The failure of Friedman’s fabled “Fayyadism” is unconnected to Israel. Until the Palestinian culture is about openness and opportunity rather than despotism and grievance, reform and self-governance will elude the Palestinians. As long as Thomas Friedman continues blaming his ill-informed and mendacious arguments he is covering for, not fighting Palestinian malfeasance and misrule.
2) Getting around with Hezbollah
Last month the National Post reported Hezbollah deliberately seeks Canadians because of internationally accepted passports: senior CSIS official:
The terrorist group Hezbollah has been seeking operatives with Canadian passports, a senior intelligence official told MPs reviewing a bill Thursday that could strip terrorists of their citizenship.Appearing before the Standing Committee on Citizenship and Immigration, the Canadian Security Intelligence Service official said Canadian passport holders were being actively sought by terrorist groups….The RCMP is also investigating allegations a Lebanese-Canadian Hezbollah member was behind last July’s bombing of a bus full of Israeli tourists at Sarafovo airport on the Black Sea coast. The suspect, who now lives in Lebanon, had used his Canadian passport to travel to Bulgaria.
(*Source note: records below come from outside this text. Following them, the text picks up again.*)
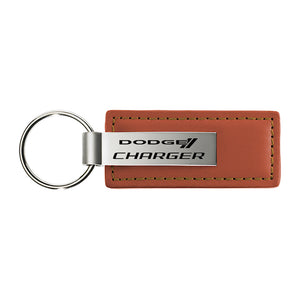 Dodge Charger Keychain & Keyring - Brown Premium Leather (KC1541.CHG)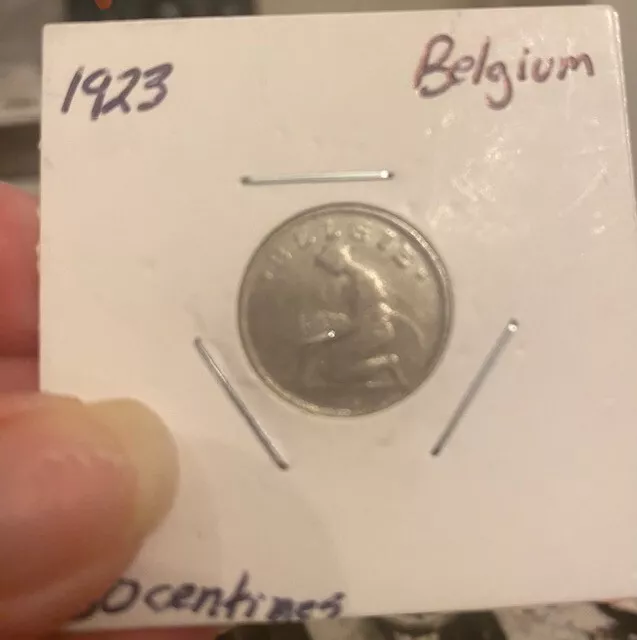 1923 Belgium 50 centimes coin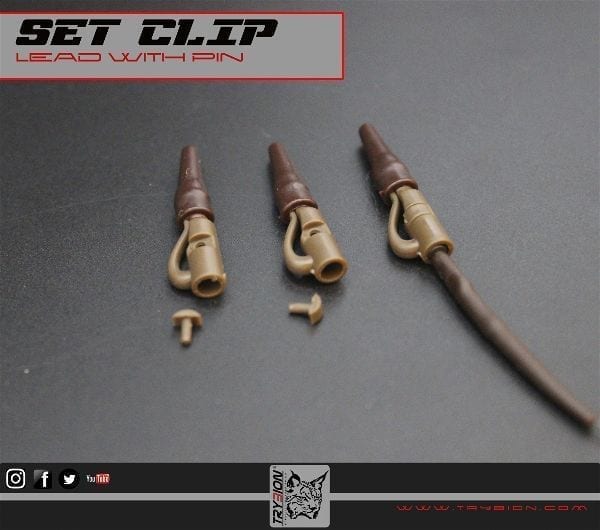 Set clip plomo con pasador marrón Trybion - Tienda Carpfishing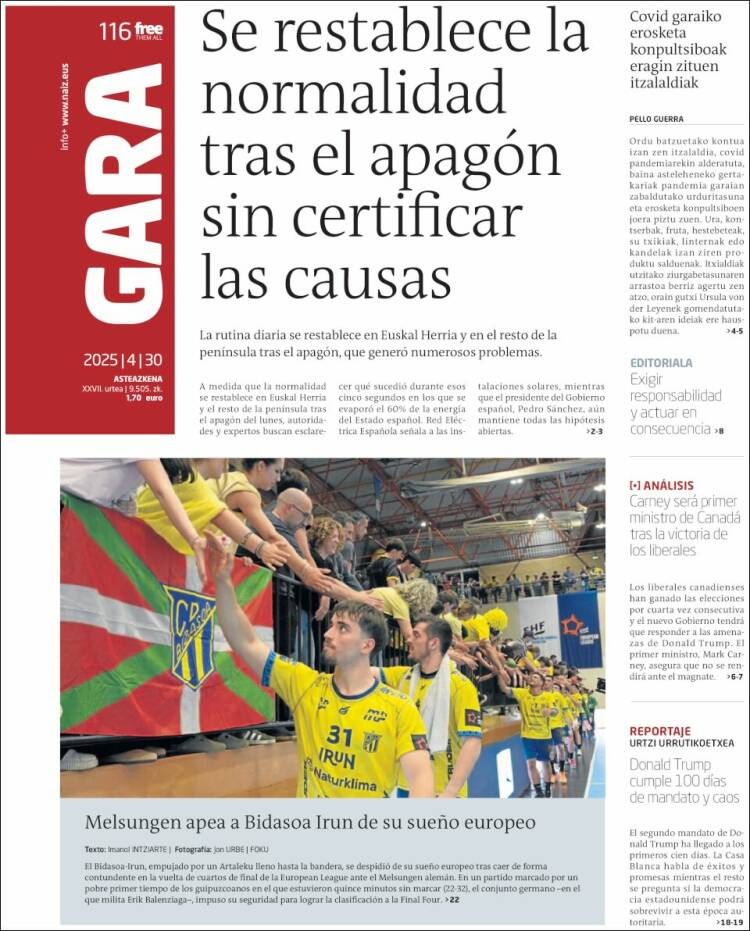 Portada de Gara (España)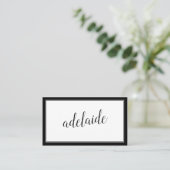 Handtekening Elegant zwart-wit handgeschreven scri Visitekaartje (Staand voorkant)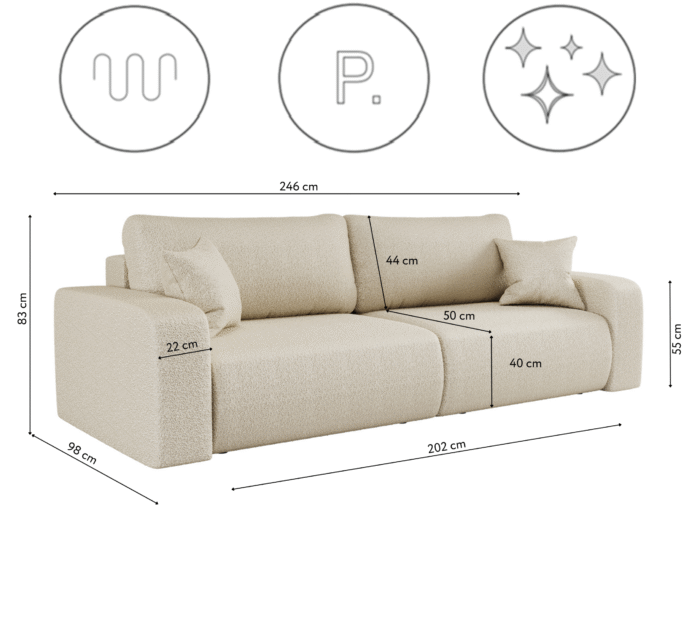 Schlafsofa MILANO und Bettkasten Stoff Quelle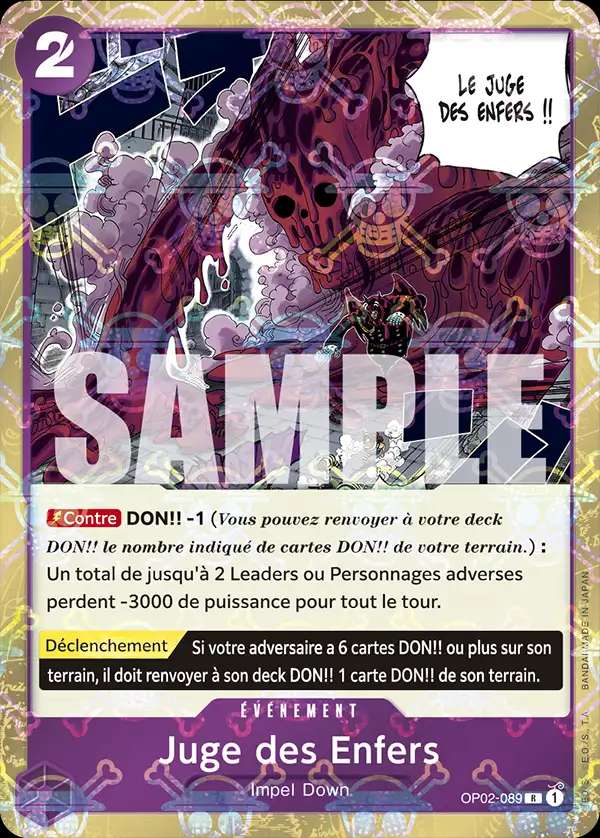 Carte One Piece Juge des Enfers V2 OP02-089 R The Best Neuf FR LorenZone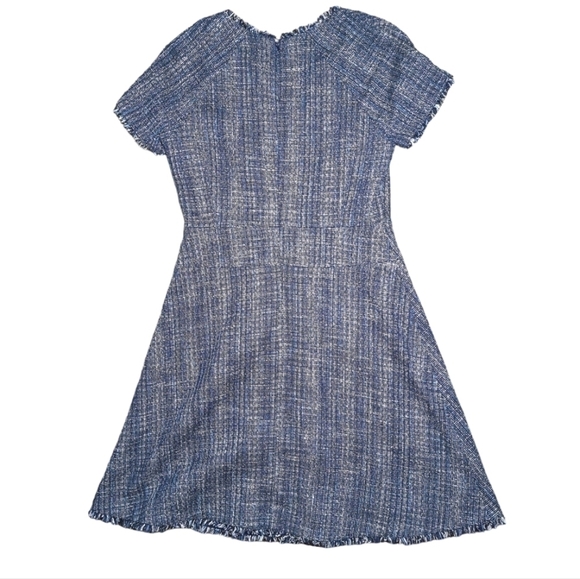 Banana Republic Blue Tweed Fit And Flare Dress Size 4 - Picture 7 of 7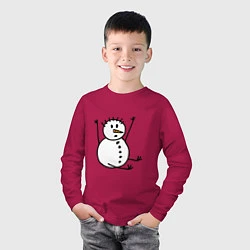 Лонгслив хлопковый детский Снеговик в дудл-стиле, цвет: маджента — фото 2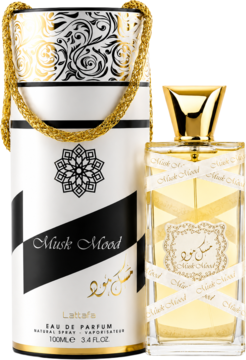 Lattafa Musk Mood EDP 100ml, złota butelka perfum z białą wstążką, obok ozdobnego cylindrycznego pudełka.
Now it’s been reported that Iran agent monitoring Chabad arrested in Bulgaria:
Bulgarian police officers last summer arrested a Canadian citizen linked to the Iranian government who engaged in surveillance of the local Chabad center in the capital of Sofia, a well-placed and reliable local source told The Jerusalem Post last week, on condition of anonymity due to security reasons.An Iranian-sponsored female agent in her 50s, holding a Canadian passport, traveled from Istanbul to Sofia several weeks after the bombing of the Israeli tour bus in the Black Sea resort town of Burgas in July 2012. She was arrested on her first day in Sofia after the Bulgarian police, on high alert, noticed she was monitoring the Chabad center.
While it isn’t certain that this agent was working for Hezbollah, the possibility certainly can’t be ruled out since Hezbollah is a proxy of Iran and Syria.
And how is Hezbollah funding its international operations? The Jerusalem Post reports:
Jonathan Schanzer, vice president for research for the Foundation for Defense of Democracies, says exchange houses have been used more frequently in recent years by the Islamic Republic in Iran to fund its nuclear program, as sanctions have increasingly restricted its access to resources.“It’s not insignificant that Europe is identified as a place where Hezbollah is apparently selling drugs,” Schanzer said….Experts say that Hezbollah’s asymmetric fund-raising campaign has kicked in to high gear as the regime of Bashar Assad in Syria has lost ground in its war against his fellow countrymen. The Assad regime, and the Ayatollah regime in Iran, are Hezbollah’s primary patrons.
With Iran and Syria limited in the resources it can provide Hezbollah, the terrorist organization is turning to drugs and money laundering to finance its operations.